To achieve their goals, NASA engineers have protected the spacecraft with a 4.5-inch-thick (11.4 centimeters) carbon-composite shield which will need to withstand temperatures outside the spacecraft that reach nearly 2,500 F (1,377 C). This very same shield will also protect Parker and its delicate instruments from the extreme coldness of space as it travels to the sun.
In preparation for the launch of the probe from NASA’s Kennedy Space Center, Florida this summer, the car-sized probe is undergoing a very important test. Last week, Parker was placed inside a thermal vacuum chamber where, over the course of the next seven weeks, it will experience various simulated challenges of the kind it will be subjected to during the mission.
The probe will remain in the chamber until mid-March before being removed for final tests and packing before heading to Florida, where it’s scheduled to be launched aboard a Delta IV Heavy launch vehicle. The latest launch window is for July 31 – Aug. 19, 2018.
To touch the Sun
Mankind has for years pushed the boundaries in attempting to achieve the impossible, and it has long been assumed that getting close to the sun was a recipe for death. And like Icarus, the son of Daedalus, who made a pair of wings out of feathers and wax so he could fly as high as the sun, the story shows us that we have no limits in what we can strive to achieve.
For the past 60 years, scientists have sought to trace how energy and heat move through the solar corona and to explore what accelerates the solar wind as well as solar energetic particles, but until recently, the advanced materials needed to make such a close trip to the sun’s corona weren’t available.
Today, a trip to the sun is possible, using cutting-edge thermal engineering advances that can protect the mission on its dangerous journey. Parker Solar Probe will carry four instrument suites designed to study magnetic fields, plasma, and energetic particles, and image the solar wind.
The official name of the solar probe was announced by NASA during a live stream event in May 2017 at the University of Chicago’s William Eckhardt Research Centre Auditorium. Dr. Thomas Zurbuchen, associate administrator of NASA’s Science Mission Directorate in Washington said at the time, “We wanted to take the challenge of going to the worst thermal environment in the solar system – and surviving it.”
NASA has three important questions that need answers
The Parker Solar Probe is part of NASA’s Living With a Star program to explore aspects of the sun-Earth system that directly affect life and society. And there are probably hundreds of questions about the sun and its relationship to the Earth, other stars, space weather and much more.
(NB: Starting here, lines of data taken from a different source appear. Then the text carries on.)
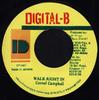 7inch Record CORNELL CAMPBELL - Walk Right In NONE Digital-B 1991 Jamaica Reggae, Ska & Dub Used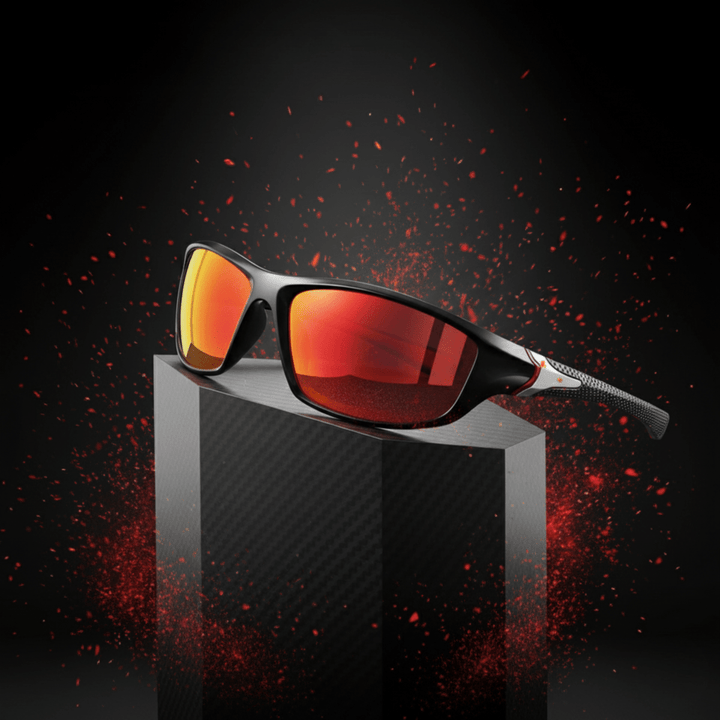 Kalsten |  Polarized Wraparound Sunglasses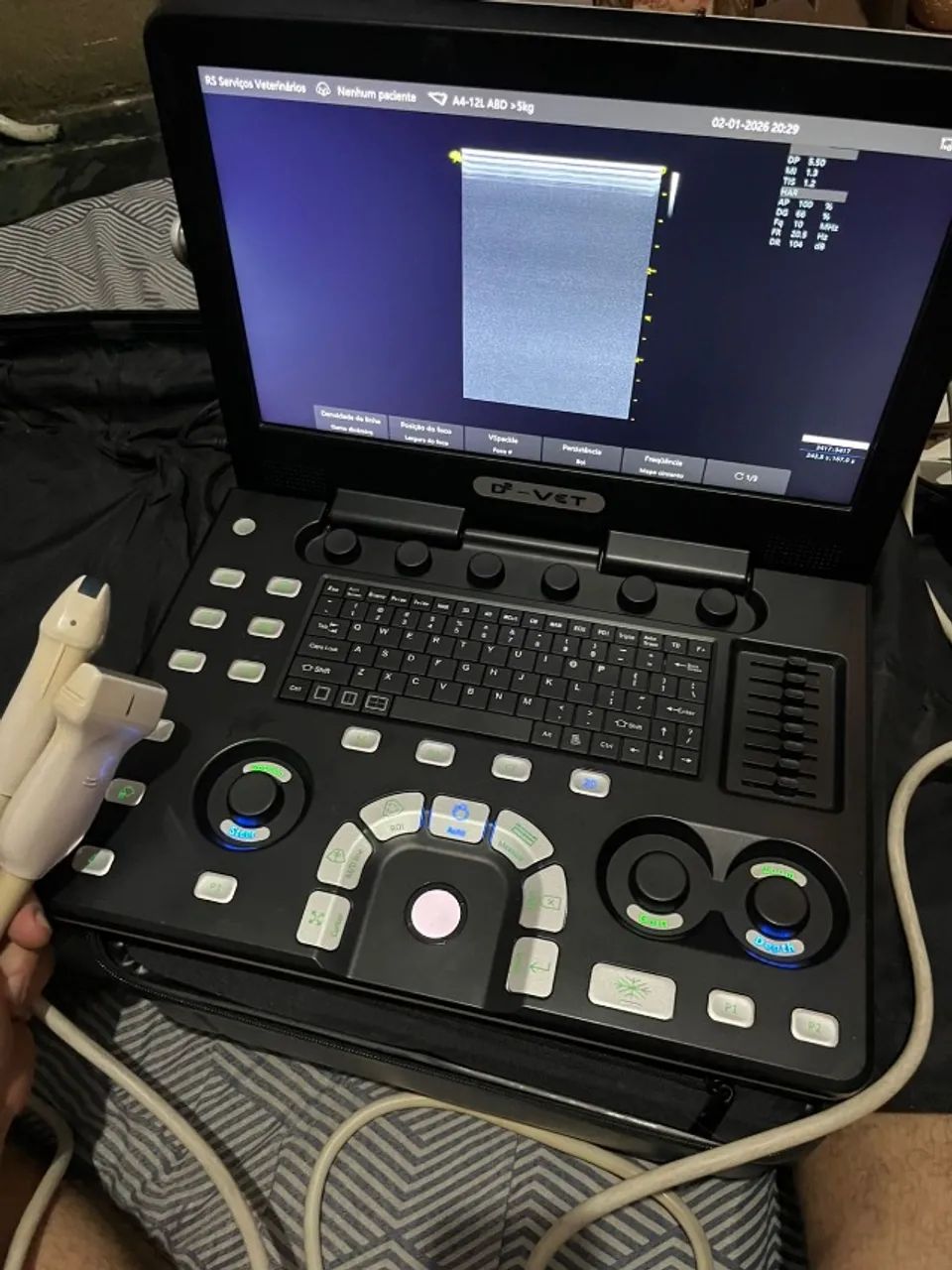 Ultrason veterinário portátil  - Foto 3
But in May, Eric Christian, a NASA research scientist at Goddard Space Flight Center in Greenbelt, Maryland said, “We can’t get to the very surface of the sun,” but the mission will get close enough to answer three important questions.”
One question that has solar scientists stumped is why the sun’s surface, called the photosphere, is not as hot as the sun’s atmosphere, or corona. It may sound strange, but the surface of the sun is only 10,000 degrees Fahrenheit while the atmosphere above the surface is about 3.5 million degrees Fahrenheit.
A second question has to do with solar winds. Scientists want to know how a solar wind gets its speed. “The sun blows a stream of charged particles in all directions at a million miles an hour,” Christian said. “But we don’t understand how that gets accelerated.”
Scientists also want to know why the sun occasionally produces high-energy particles known as solar energetic particles. These particles are a danger to astronauts and spacecraft.It is hoped the mission will provide data on solar activities that could affect our ability to forecast space-weather events that can impact life on Earth.